By Franklin L. Kirksey, Pastor, First Baptist Church of Spanish Fort, Alabama, and author of Sound Biblical Preaching: Giving the Bible a Voice.

These expositions by Dr. Kirksey are offered to suggest sermon or Bible study ideas for pastors and other church leaders, both from the exposition and from the illustrative material, or simply for personal devotion.



The righteous ones are like the Righteous One.  We read in Psalm 11:7, “For the LORD is righteous; He loves righteousness; The upright will behold His face.”

Rev.
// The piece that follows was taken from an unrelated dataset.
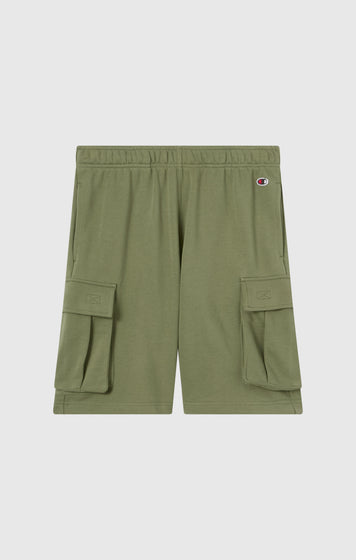 Pantalones Cortos Cargo 9” de Felpa para Hombre Icons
Charles Haddon Spurgeon (1834-1892) comments, “There is no title to this psalm, but it is evidently a companion to the hundred and eleventh, and, like it, it is an alphabetical psalm.  Even in the number of verses, and clauses of each verse, it coincides with its predecessor, as also in many of its words and phrases.  The reader should carefully compare the two psalms line by line.  The subject of the poem before us is -- the blessedness of the righteous man, and so it bears the same relation to the preceding which the moon does to the sun; for, while the first declares the glory of God, the second speaks of the reflection of the divine brightness in men born from above.  God is here praised for the manifestation of his glory which is seen in his people, just as in the preceding psalm he was magnified for his own personal acts.  The hundred and eleventh speaks of the great Father, and this describes his children renewed after his image.  The psalm cannot be viewed as the extolling of man, for it commences with ‘Praise ye the Lord;’ and it is intended to give to God all the honour of his grace which is manifested in the sons of God.”[1]
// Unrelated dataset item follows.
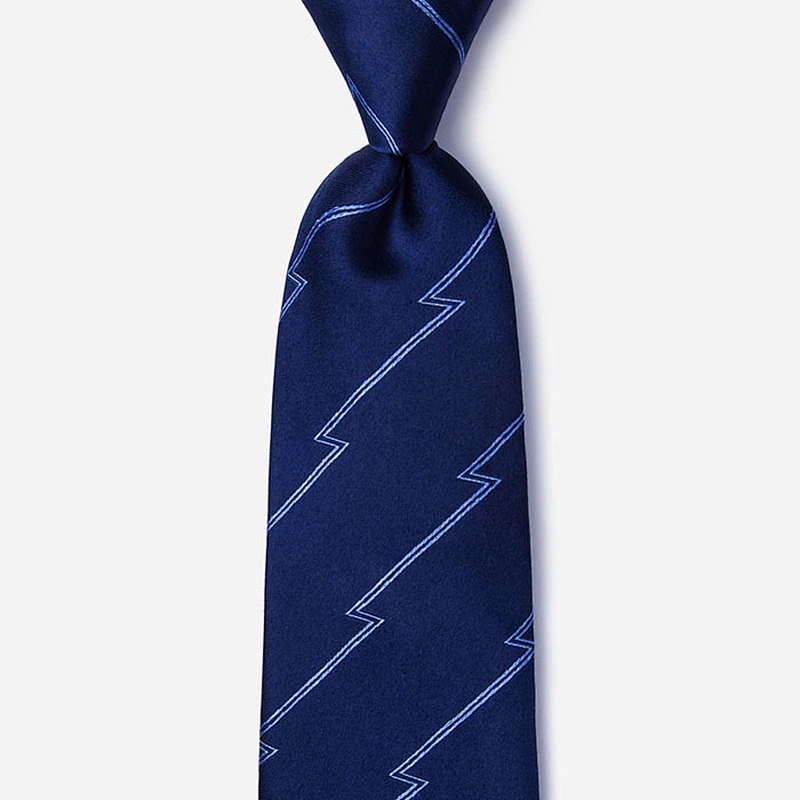 high quality classical popular mens neck tie logo custom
Dr. William Binnie (1823-1886), Professor of Church History and Pastoral Theology, Free Church College, Aberdeen, explains, “The hundred and eleventh and the hundred and twelfth psalms, two very short poems, dating apparently from the latest age of inspired psalmody, present such features of resemblance as to leave no doubt that they came from the same pen.  In structure they are identical; and this superficial resemblance is designed to call attention to something deeper and more important.  The subject of the one is the exact counterpart of the subject of the other.  The first celebrates the character and works of God; the second, the character and felicity of the godly man.”[2]